__What is required__: The expected answer is the data below, printed verbatim without its pictures.

__Exercise data__:
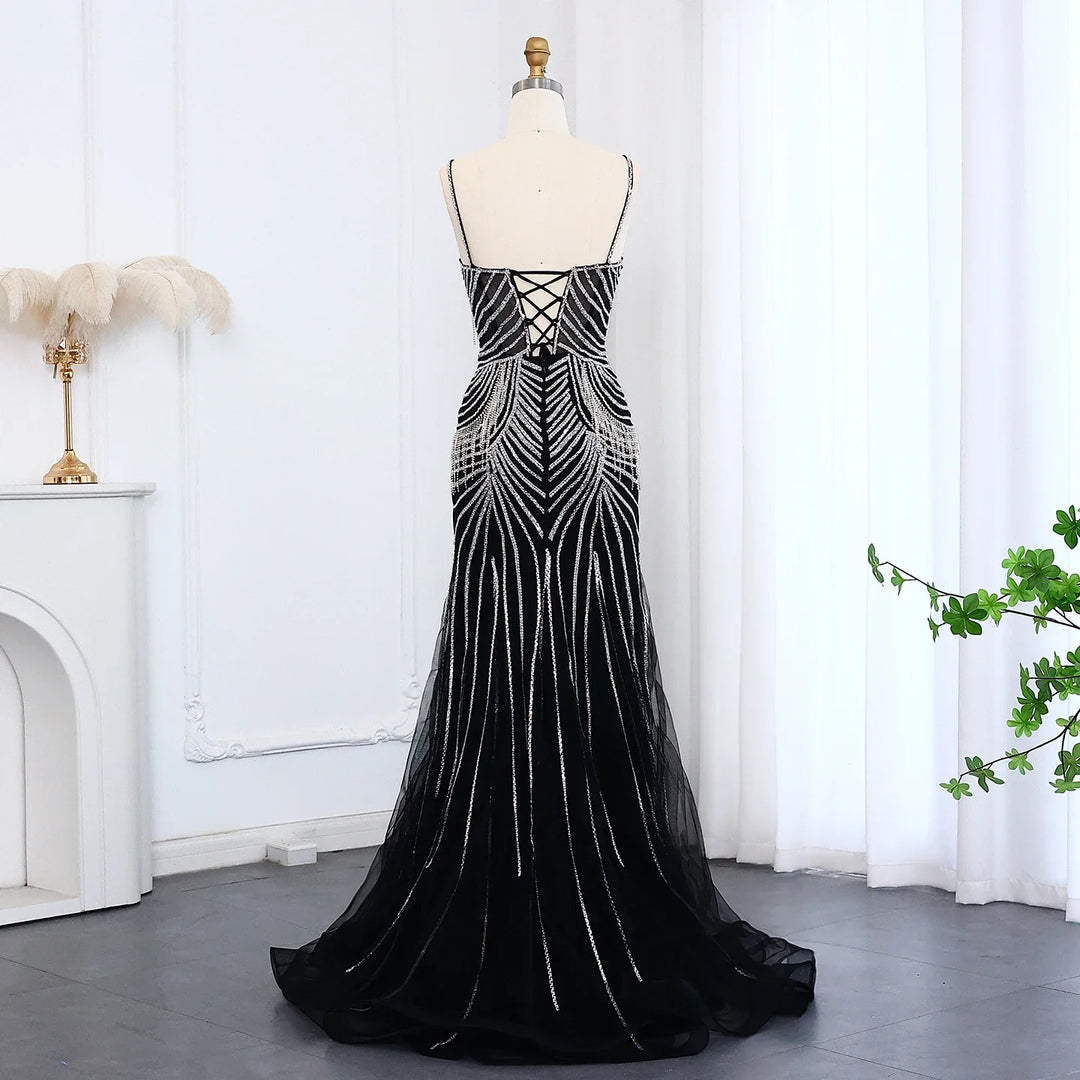 Luxury Tassel Mermaid Evening Dress with Spaghetti Straps SS029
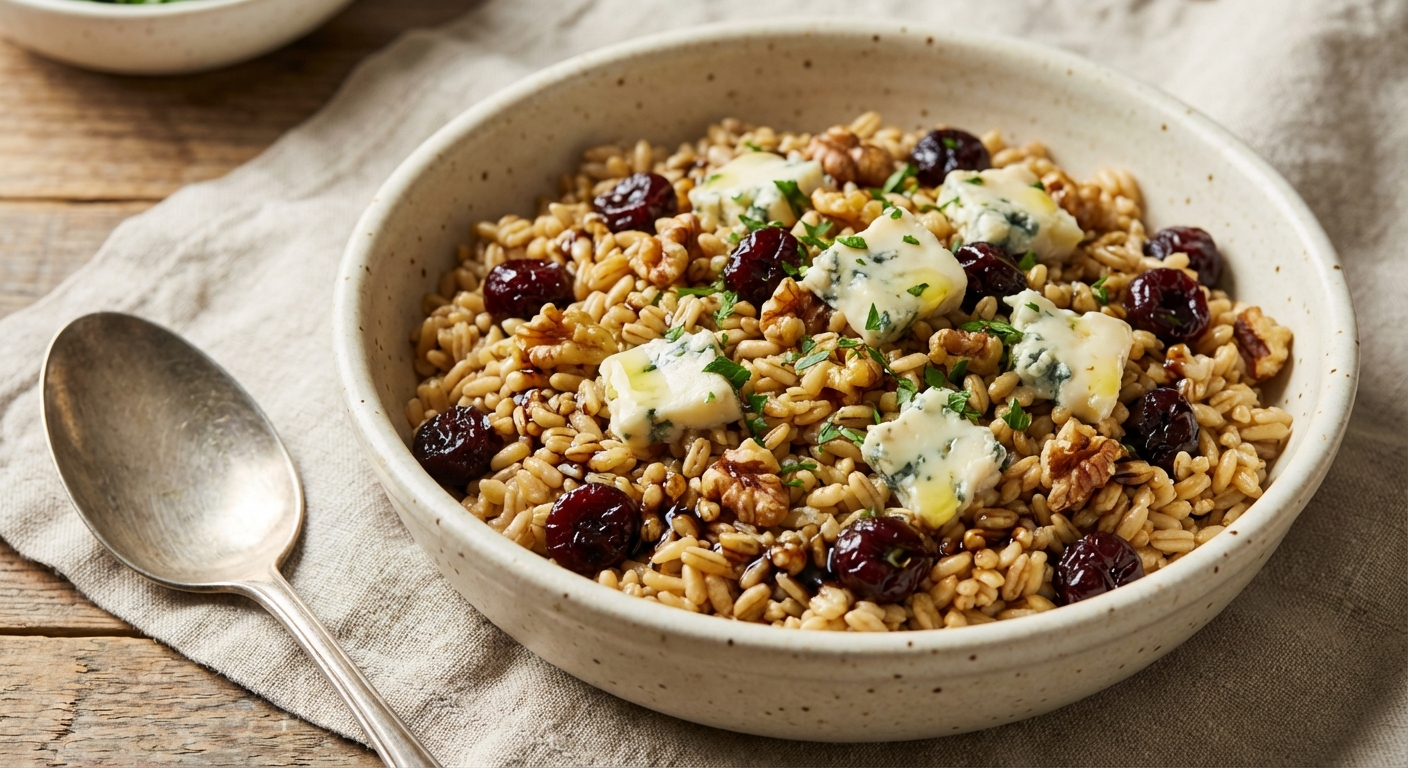 Oat Berry Pilaf with Walnuts and Gorgonzola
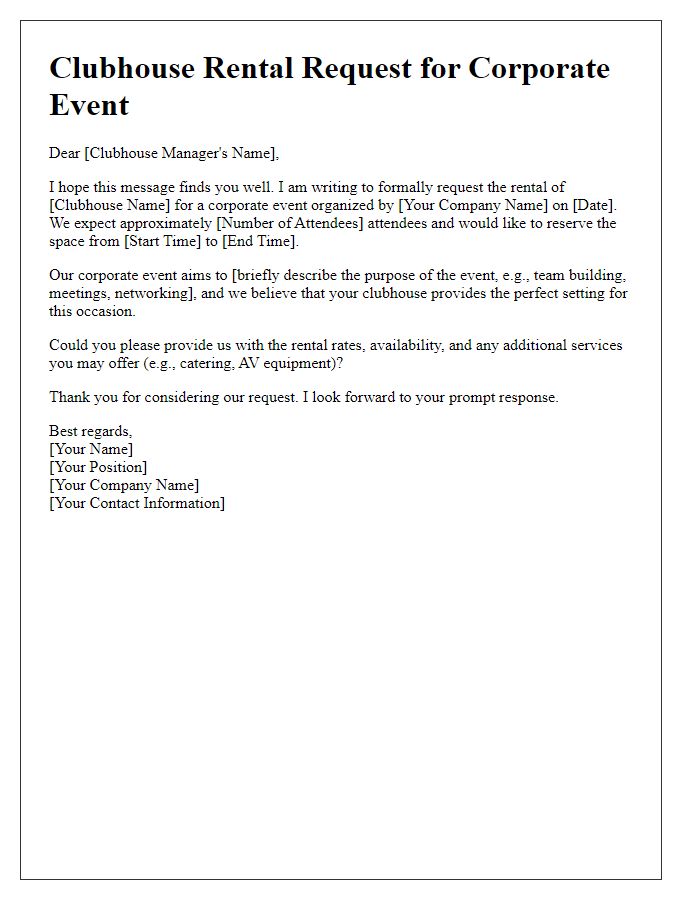 Letter template of clubhouse rental request for a corporate event.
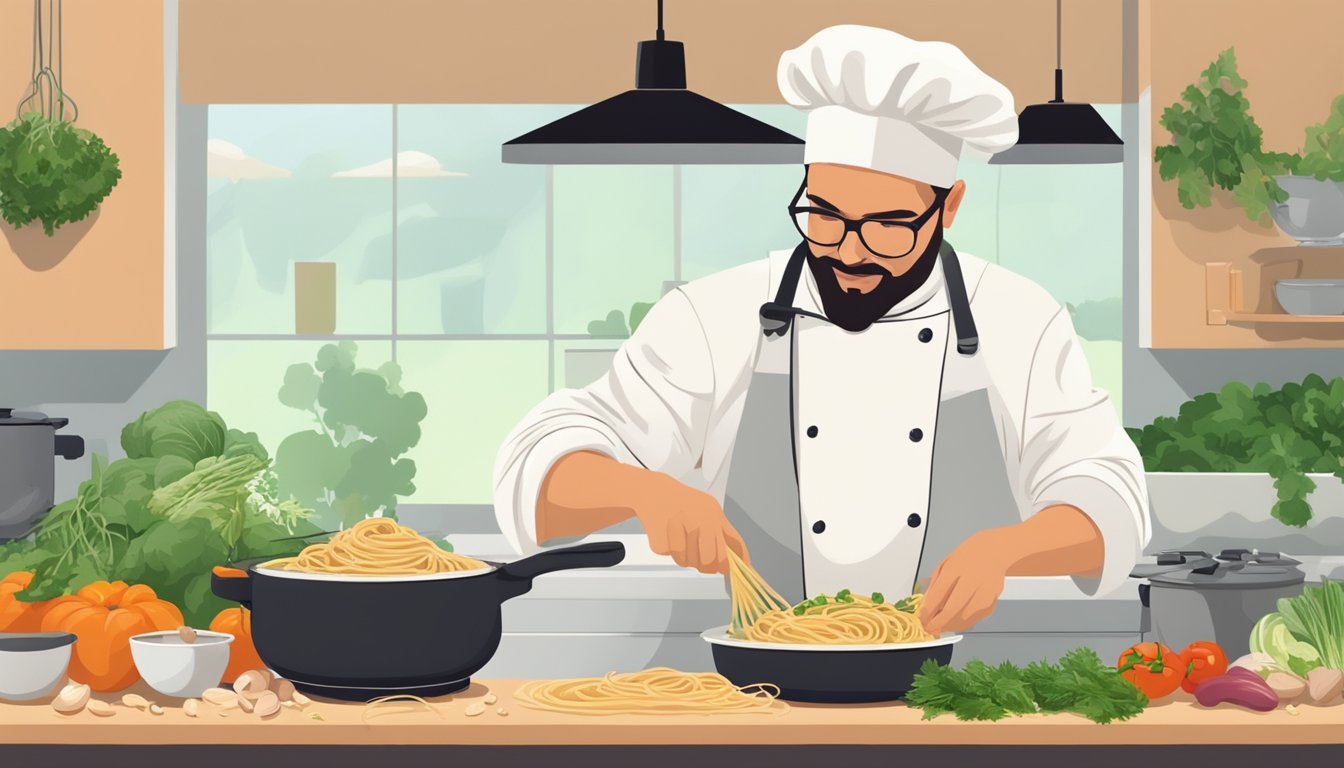 A chef in a modern kitchen, adding vegan bacon and cashew cream to a steaming pot of spaghetti, surrounded by fresh herbs and vegetables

__Answer to the problem__:
 Luxury Tassel Mermaid Evening Dress with Spaghetti Straps SS029
 Oat Berry Pilaf with Walnuts and Gorgonzola
 Letter template of clubhouse rental request for a corporate event.
 A chef in a modern kitchen, adding vegan bacon and cashew cream to a steaming pot of spaghetti, surrounded by fresh herbs and vegetables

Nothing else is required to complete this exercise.